* Prompt: Starting at the line that contains "Just Add Sunglasses'", transcribe every remaining line of the data below exactly, and omit all pictures.
[Opening Given data section]
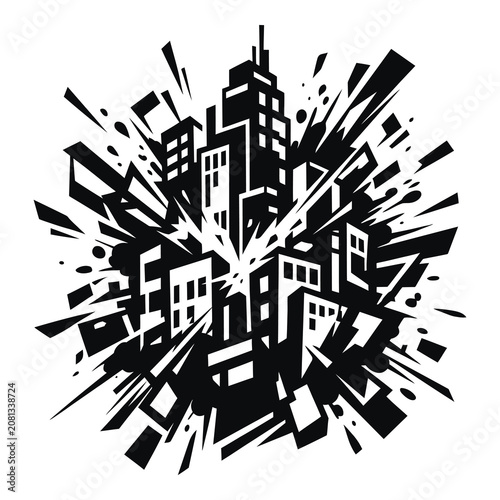 Canvastavla Black and white cityscape with buildings exploding in abstract motion icon
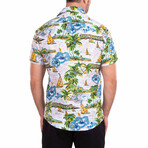 Just Add Sunglasses' Hawaiian Print Short Sleeve Button Up Shirt // White (M)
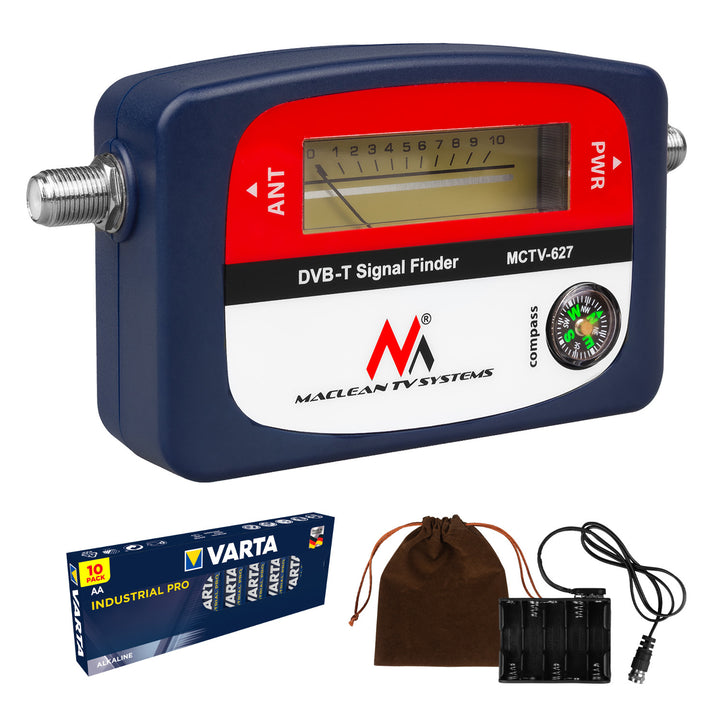Maclean DVB-T TV meter, koffer, kabel 25 cm F-F, MCTV-627 + 10x AA Varta Industrial batterijen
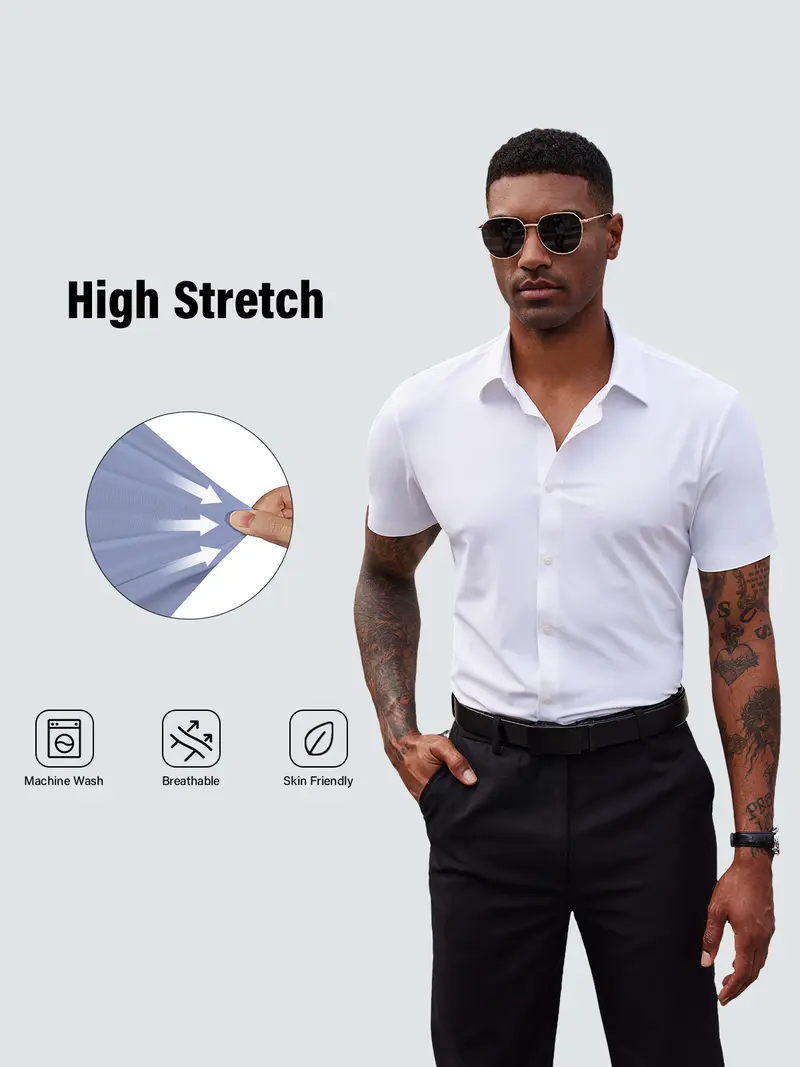 2-Pack Alimens&Gentle Men's Stretch Dress Shirts Short Sleeve Slim Fit Business Casual Button Down Shirts Muscle Fit Men's Dress Shirts Shortsleeve Menswear gifts for dad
[Closing Given data section]
* Written solution:
 Just Add Sunglasses' Hawaiian Print Short Sleeve Button Up Shirt // White (M)
Maclean DVB-T TV meter, koffer, kabel 25 cm F-F, MCTV-627 + 10x AA Varta Industrial batterijen
 2-Pack Alimens&Gentle Men's Stretch Dress Shirts Short Sleeve Slim Fit Business Casual Button Down Shirts Muscle Fit Men's Dress Shirts Shortsleeve Menswear gifts for dad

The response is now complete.